= SUPPLIED MATERIAL =
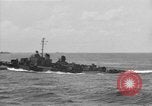 Image of Navy F6F aircraft take off from USS Hancock Pacific Ocean, 1944, second 10 stock footage video 65675055349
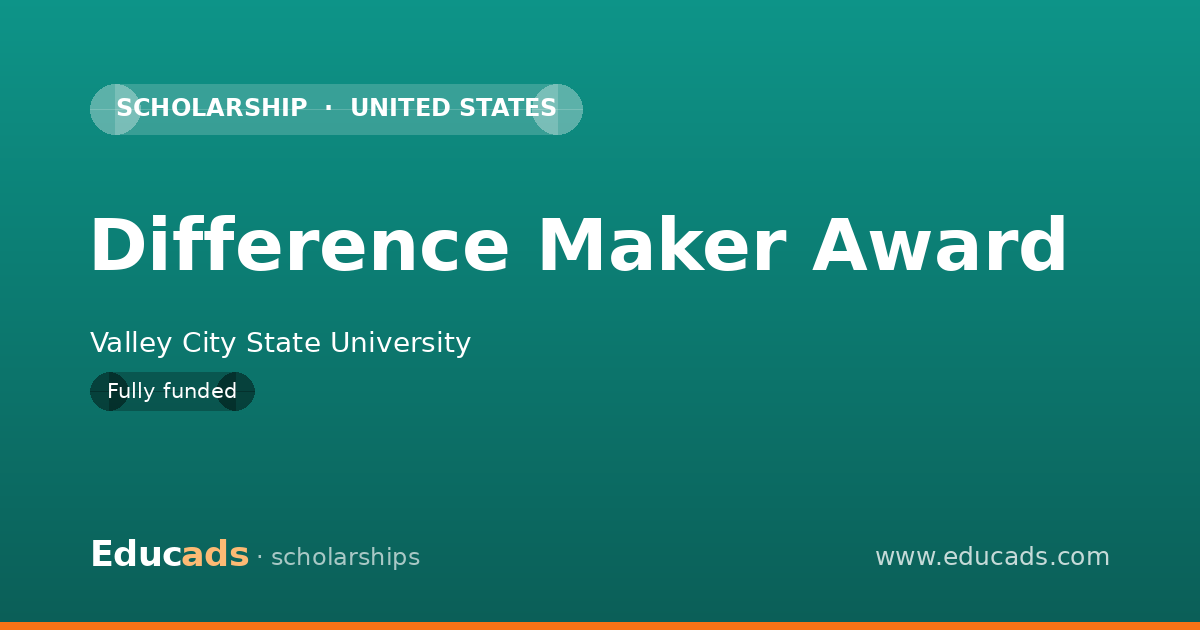 Difference Maker Award scholarship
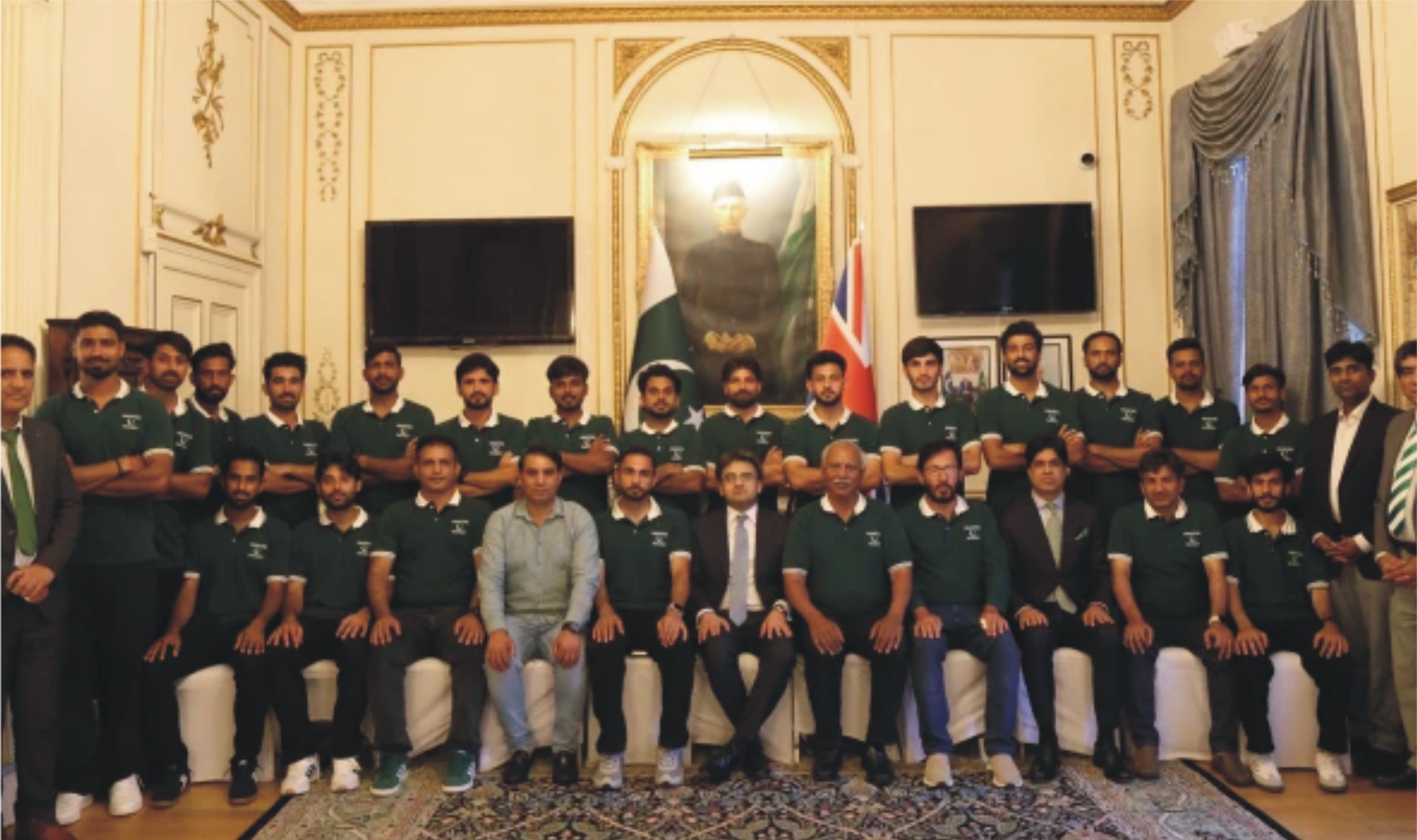 پاکستان ہائی کمیشن لندن میں قومی ہاکی ٹیم کے اعزاز میں استقبالیہ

= WHAT YOU ARE ASKED TO DO =
Please give every line above again word for word, apart from the pictures.

= RESPONSE AREA =
 Image of Navy F6F aircraft take off from USS Hancock Pacific Ocean, 1944, second 10 stock footage video 65675055349
 Difference Maker Award scholarship
 پاکستان ہائی کمیشن لندن میں قومی ہاکی ٹیم کے اعزاز میں استقبالیہ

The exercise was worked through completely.